Posted on March 24, 2023
Welcome to the Spring 2023 issue of The Fiddlehead. We are thrilled to congratulate Moni Brar, winner of the 33rd Ralph Gustafson Poetry Prize for Best Poem! We’re grateful to our contest readers, Evan Jurmain and Rosie Legott, as well as to our three contest judges: Michael Prior, shalan joudry, and Dominique Béchard. On Brar’s winning poem, “Dispossession in Five Acts [or How to Be a Model Minority or Not],” joudry notes that the poem “demonstrates complexity” through “nuanced rhythm and imagery” while Béchard had this to say: “I appreciate this poem for its depth of emotion — it is often hopeless in a way that resists lazy poetic hope. I also like how this poem moves between states of feeling (anger, fear, despair) with — if not confidence — a sincerity that devalues (or questions) confidence. Besides, I enjoyed the image of a voice lost “between the seat cushions” — a “space / filled with big voices and big, luscious lives.”

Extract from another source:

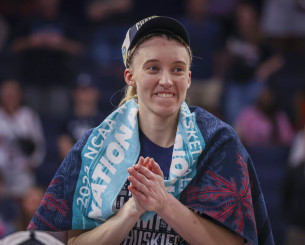 Νο1 στο Draft του WNBA η Πέιτζ Μπέκερς Νο1 στο Draft του WNBA η Πέιτζ Μπέκερς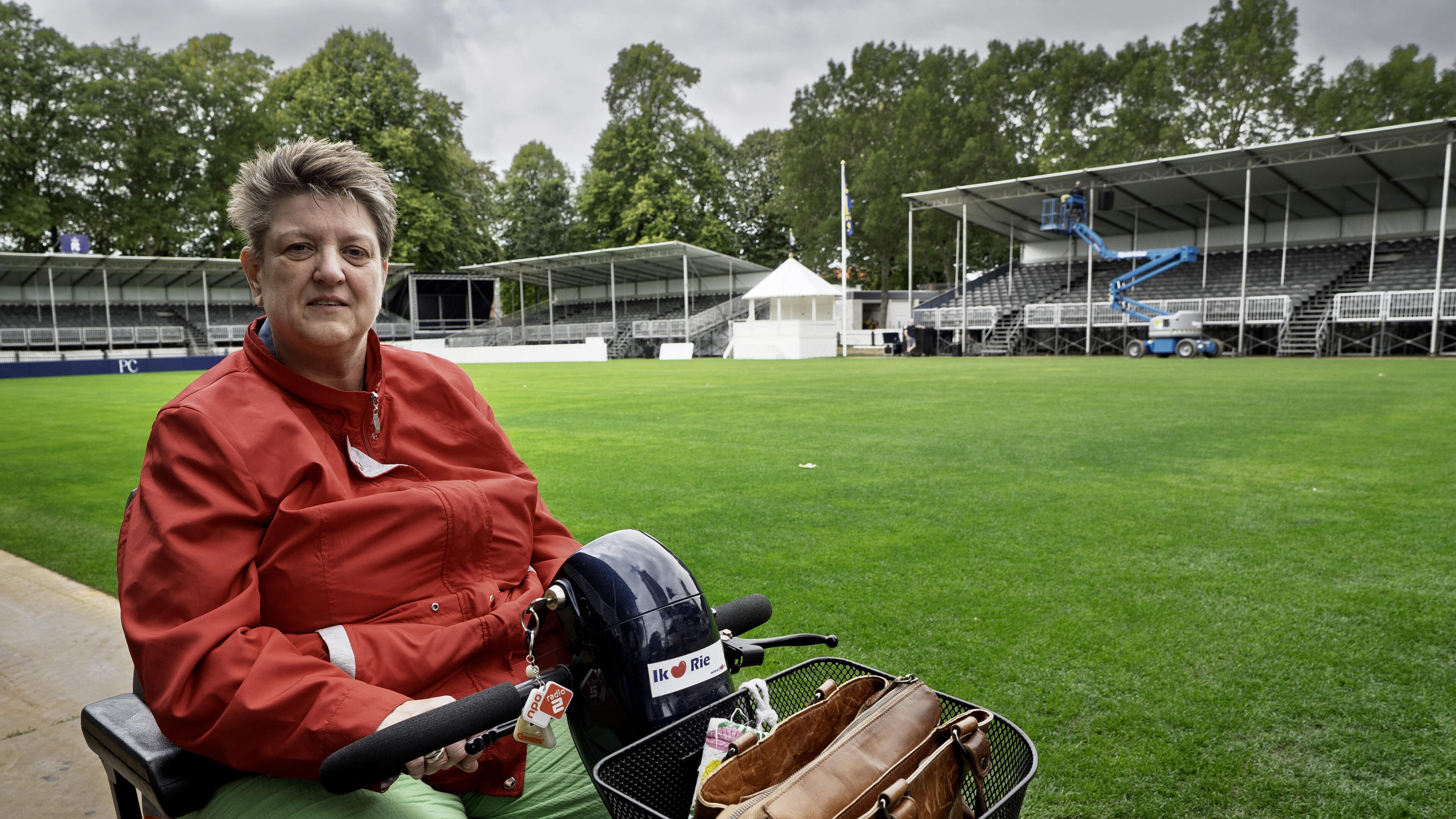 Antina (56) uit Ried slikt pillen zodat ze op de PC niet naar de wc hoeft. ’Oars giet it miskien wol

In Brar’s winning poem, the speaker finds it difficult to “swagger,” interrupted by a complex discomfort around inhabiting stolen lands. Spring is a time of walking, of wandering, inhabiting the re-woken land. But how do we walk, here, with caution and respect? The unease of dwelling as settlers on Turtle Island pervades many of the works in this issue. So, too, does the question of swagger, of styles of movement, appropriate gait. Kawai Shen walks us down a flight of stairs and into a basement fetish party, heady with the smell of oud. Chelsea Peters tours us through muddy riverbanks where trash becomes treasure. Kirsten Madsen tracks the awkward soaring of shuttlecocks. Nicole Boyce bounds, agile as a rabbit. Jan Conn pauses to reflect: “If you stand still long enough the trees forget you exist and draw nearer.” All the works in this issue have a literary swagger about them, a sureness in their hesitations. One of the joys of reading is the moment of arrest, passing from wandering to wondering — we wish you happy reading, and copious pauses along the way.